Su San Mateo añorado es el de las barracas y las carrozas. Es hijo de Antonio Simón, que fue concejal socialista de parques y jardines, protección civil y perrera con Antonio Masip.

–Los dos primeros años de los chiringuitos colaboré en el de la Asociación de vecinos Paulino Vicente de Teatinos y Campo de los Reyes. El concepto era dar presencia a los barrios en la fiesta del “centro” a través de las asociaciones de vecinos con un bar de fiesta de prao. Cada barrio tenía su fiesta –El Carmen, Santa Filomena, San Ramón– y podían así recaudar fondos para financiar sus actividades. Funcionó casi bien los dos primeros años y, poco a poco, se convirtió en la desmesura de los últimos años... Se hacían cajas importantes todos los días. La idea del principio se olvidó, se convirtieron en máquinas hosteleras de recaudar y perdieron (perdimos) el “oremus” para siempre.
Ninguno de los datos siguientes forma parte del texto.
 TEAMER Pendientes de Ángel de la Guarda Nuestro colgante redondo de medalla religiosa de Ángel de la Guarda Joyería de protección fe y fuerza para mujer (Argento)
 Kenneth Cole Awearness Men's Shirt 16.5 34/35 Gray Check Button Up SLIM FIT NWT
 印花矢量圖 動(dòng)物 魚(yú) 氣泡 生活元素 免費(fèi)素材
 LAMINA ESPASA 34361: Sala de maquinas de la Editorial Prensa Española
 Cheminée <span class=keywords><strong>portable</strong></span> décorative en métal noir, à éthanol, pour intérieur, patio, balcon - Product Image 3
–¿Por qué tardó tanto en exponer?

–No tenía seguridad. Cuando lo intenté me dieron largas. Lo que hago, como no es abstracción, se ve artesano, no se considera pintura contemporánea, Sin afán de comparar, Antonio López es contemporáneo.

–¿Cómo logró exponer?

–En 2012 iba a vender obra al Fontán y me vio una mujer, Flori, que tenía una tienda de fotografía en El Entrego que reconvirtió en sala de exposiciones. Fue mucha gente, pero no tuvo continuidad. En 2018 Marta Fermín apostó por mí en Decero, espacio creativo.

–¿Los ovetenses compran lo que pinta?

–Sí y me encargan casas concretas. No vendo tanto como para vivir de la actividad. Los que van a mis exposiciones dicen que salen con mejor ánimo del que entraron.

–Su sitio preferido de Oviedo.

–La Escandalera, con la casa de Santa Lucía o con el Termómetro. Y mi barrio, pero está borrado, no queda nada de las casas de puertas abiertas y el manicomio cerca.

–¿Su método?

–Busco la casa que me gusta, espero la luz, hago fotos con el móvil, vuelvo cuanto haga falta, memorizo, vuelvo, pinto en casa.

–¿Sus referencias y preferencias?

–Soy promiscuo. Carlos Sierra le había hecho a mi tío el dibujo de un gato y me dormía mirándolo. Mónica Dixon, Piñole, Pascual Tejerina, Paulino Vicente, Orlando Pelayo, las venecias de Tintoretto, los acuarelistas ingleses del XIX y dos norteamericanos: Winslow Homer y Andrew Wyeth.